■ **Task goal**:
Each line below should be written out exactly, with none skipped.

■ **Crawled caption data**:

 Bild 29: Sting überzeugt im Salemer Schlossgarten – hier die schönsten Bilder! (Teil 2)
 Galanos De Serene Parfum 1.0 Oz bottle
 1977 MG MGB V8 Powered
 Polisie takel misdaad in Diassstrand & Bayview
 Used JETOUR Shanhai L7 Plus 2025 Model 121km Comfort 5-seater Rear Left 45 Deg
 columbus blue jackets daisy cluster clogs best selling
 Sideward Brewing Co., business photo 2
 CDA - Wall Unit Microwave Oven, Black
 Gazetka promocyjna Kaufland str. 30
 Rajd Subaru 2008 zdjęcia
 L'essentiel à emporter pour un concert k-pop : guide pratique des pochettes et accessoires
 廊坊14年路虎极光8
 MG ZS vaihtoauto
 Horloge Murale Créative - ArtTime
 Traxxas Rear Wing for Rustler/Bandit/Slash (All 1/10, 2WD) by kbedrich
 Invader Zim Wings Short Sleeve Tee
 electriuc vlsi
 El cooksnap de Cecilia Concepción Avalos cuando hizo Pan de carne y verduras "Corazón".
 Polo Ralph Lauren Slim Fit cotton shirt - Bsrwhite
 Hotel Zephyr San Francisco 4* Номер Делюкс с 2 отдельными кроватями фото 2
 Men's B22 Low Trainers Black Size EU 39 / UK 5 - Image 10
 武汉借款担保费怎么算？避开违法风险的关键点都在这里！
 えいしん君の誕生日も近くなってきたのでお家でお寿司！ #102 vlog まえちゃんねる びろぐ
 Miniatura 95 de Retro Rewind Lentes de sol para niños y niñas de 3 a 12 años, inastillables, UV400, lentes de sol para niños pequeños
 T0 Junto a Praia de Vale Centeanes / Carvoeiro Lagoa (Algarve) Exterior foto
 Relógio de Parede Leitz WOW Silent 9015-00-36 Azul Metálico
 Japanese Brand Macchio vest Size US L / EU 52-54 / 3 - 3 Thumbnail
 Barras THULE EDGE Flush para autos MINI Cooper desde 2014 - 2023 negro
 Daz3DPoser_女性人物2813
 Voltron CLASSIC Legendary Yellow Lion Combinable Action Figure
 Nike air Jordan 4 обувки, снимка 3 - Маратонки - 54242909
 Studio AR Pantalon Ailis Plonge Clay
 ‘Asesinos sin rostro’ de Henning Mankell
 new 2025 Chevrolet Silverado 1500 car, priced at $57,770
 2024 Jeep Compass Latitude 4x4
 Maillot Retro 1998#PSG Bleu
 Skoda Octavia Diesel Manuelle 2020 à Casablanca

■ **Solution to this problem**:
 Bild 29: Sting überzeugt im Salemer Schlossgarten – hier die schönsten Bilder! (Teil 2)
 Galanos De Serene Parfum 1.0 Oz bottle
 1977 MG MGB V8 Powered
 Polisie takel misdaad in Diassstrand & Bayview
 Used JETOUR Shanhai L7 Plus 2025 Model 121km Comfort 5-seater Rear Left 45 Deg
 columbus blue jackets daisy cluster clogs best selling
 Sideward Brewing Co., business photo 2
 CDA - Wall Unit Microwave Oven, Black
 Gazetka promocyjna Kaufland str. 30
 Rajd Subaru 2008 zdjęcia
 L'essentiel à emporter pour un concert k-pop : guide pratique des pochettes et accessoires
 廊坊14年路虎极光8
 MG ZS vaihtoauto
 Horloge Murale Créative - ArtTime
 Traxxas Rear Wing for Rustler/Bandit/Slash (All 1/10, 2WD) by kbedrich
 Invader Zim Wings Short Sleeve Tee
 electriuc vlsi
 El cooksnap de Cecilia Concepción Avalos cuando hizo Pan de carne y verduras "Corazón".
 Polo Ralph Lauren Slim Fit cotton shirt - Bsrwhite
 Hotel Zephyr San Francisco 4* Номер Делюкс с 2 отдельными кроватями фото 2
 Men's B22 Low Trainers Black Size EU 39 / UK 5 - Image 10
 武汉借款担保费怎么算？避开违法风险的关键点都在这里！
 えいしん君の誕生日も近くなってきたのでお家でお寿司！ #102 vlog まえちゃんねる びろぐ
 Miniatura 95 de Retro Rewind Lentes de sol para niños y niñas de 3 a 12 años, inastillables, UV400, lentes de sol para niños pequeños
 T0 Junto a Praia de Vale Centeanes / Carvoeiro Lagoa (Algarve) Exterior foto
 Relógio de Parede Leitz WOW Silent 9015-00-36 Azul Metálico
 Japanese Brand Macchio vest Size US L / EU 52-54 / 3 - 3 Thumbnail
 Barras THULE EDGE Flush para autos MINI Cooper desde 2014 - 2023 negro
 Daz3DPoser_女性人物2813
 Voltron CLASSIC Legendary Yellow Lion Combinable Action Figure
 Nike air Jordan 4 обувки, снимка 3 - Маратонки - 54242909
 Studio AR Pantalon Ailis Plonge Clay
 ‘Asesinos sin rostro’ de Henning Mankell
 new 2025 Chevrolet Silverado 1500 car, priced at $57,770
 2024 Jeep Compass Latitude 4x4
 Maillot Retro 1998#PSG Bleu
 Skoda Octavia Diesel Manuelle 2020 à Casablanca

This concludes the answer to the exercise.